In conclusion, these three albums have been out for quite some time now, waiting to be heard, waiting to be reviewed. And it wasn’t until now that I decided I would review them. Now that I have listened to them and reviewed them, I’m happy that I did. All three showcase the artist’s talents. In Ben’s case, it’s paying homage to the classic games of yesteryear, when the technology on the system only allowed very few simultaneous sounds. For ProtoDome, it’s his talent to just keep creating wonderful music in styles he’s quite skilled with. And in Will’s case, it’s his talent to just create something off the wall, so outside the box it’s kilometres away. I think that’s what they use in Britain. Anyways, all three demonstrated that what they do, they do well. And it’s my sincere hope that they continue to do so in the future. I’ll be uploading new reviews every day this week, so stay tuned. And until next time, game on!!

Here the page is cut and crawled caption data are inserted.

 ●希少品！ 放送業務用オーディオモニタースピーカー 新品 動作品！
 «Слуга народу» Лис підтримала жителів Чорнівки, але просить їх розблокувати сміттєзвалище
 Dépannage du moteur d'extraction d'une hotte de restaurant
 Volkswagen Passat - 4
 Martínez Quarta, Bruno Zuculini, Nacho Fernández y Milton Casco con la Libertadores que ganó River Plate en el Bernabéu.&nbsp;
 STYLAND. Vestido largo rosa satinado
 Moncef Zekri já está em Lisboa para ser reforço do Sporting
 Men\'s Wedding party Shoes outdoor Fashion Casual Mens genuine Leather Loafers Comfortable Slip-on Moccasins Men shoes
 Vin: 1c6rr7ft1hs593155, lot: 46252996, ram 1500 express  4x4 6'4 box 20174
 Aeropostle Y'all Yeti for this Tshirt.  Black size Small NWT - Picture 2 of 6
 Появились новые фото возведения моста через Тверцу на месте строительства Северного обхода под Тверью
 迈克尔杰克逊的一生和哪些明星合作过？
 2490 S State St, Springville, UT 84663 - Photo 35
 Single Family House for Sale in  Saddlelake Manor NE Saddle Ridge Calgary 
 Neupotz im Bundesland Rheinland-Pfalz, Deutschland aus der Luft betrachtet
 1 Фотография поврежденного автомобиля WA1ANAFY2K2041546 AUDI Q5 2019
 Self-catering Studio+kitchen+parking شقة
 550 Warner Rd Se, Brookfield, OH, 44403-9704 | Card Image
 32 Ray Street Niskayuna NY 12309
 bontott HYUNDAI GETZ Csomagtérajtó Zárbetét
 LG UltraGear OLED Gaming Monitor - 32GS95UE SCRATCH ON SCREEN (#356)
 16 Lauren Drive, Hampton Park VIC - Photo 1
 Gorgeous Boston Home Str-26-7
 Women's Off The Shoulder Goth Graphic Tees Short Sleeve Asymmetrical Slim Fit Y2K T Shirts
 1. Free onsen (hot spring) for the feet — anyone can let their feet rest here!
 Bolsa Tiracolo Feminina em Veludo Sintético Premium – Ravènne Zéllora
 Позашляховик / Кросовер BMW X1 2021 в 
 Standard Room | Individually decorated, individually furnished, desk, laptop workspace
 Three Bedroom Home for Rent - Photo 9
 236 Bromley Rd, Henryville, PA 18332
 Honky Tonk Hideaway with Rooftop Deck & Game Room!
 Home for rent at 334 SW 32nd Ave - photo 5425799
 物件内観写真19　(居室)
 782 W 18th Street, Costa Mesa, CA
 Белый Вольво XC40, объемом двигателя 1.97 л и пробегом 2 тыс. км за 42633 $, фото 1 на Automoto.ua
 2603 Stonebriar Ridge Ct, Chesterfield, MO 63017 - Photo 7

Threshold of a Dream Review: Written Whilst Listening

DISC 1 – MAIN ALBUM

1. Theophany – Full Moon Cello (The Tail Cave)     5:49
Peaceful at first, befitting the intro track to the album. Bells or something come in at about 0:20, and then the main intstrumentation at about 0:28. Strings at 0:46 elaborate on the basic rhythm already created. More strings at about 1:09. The mood is set quite beautifully by the strings and bells. Quick breakdown like in the source at about 2:10. Drums come in at about 2:25, along with bass a few seconds later. More breakdown at about 3:00, this time distinct from the source. Main melody returns at 3:40 for a second, then violin comes in at about 3:45. The melody takes a life of its own at about 4:09 with a beautiful fashion. At 4:28 all the instruments come in for a truly beautiful buildup to the finale, which begins at 5:10 or so. It all ends suddenly and only bells and bass remain at 5:29 to end.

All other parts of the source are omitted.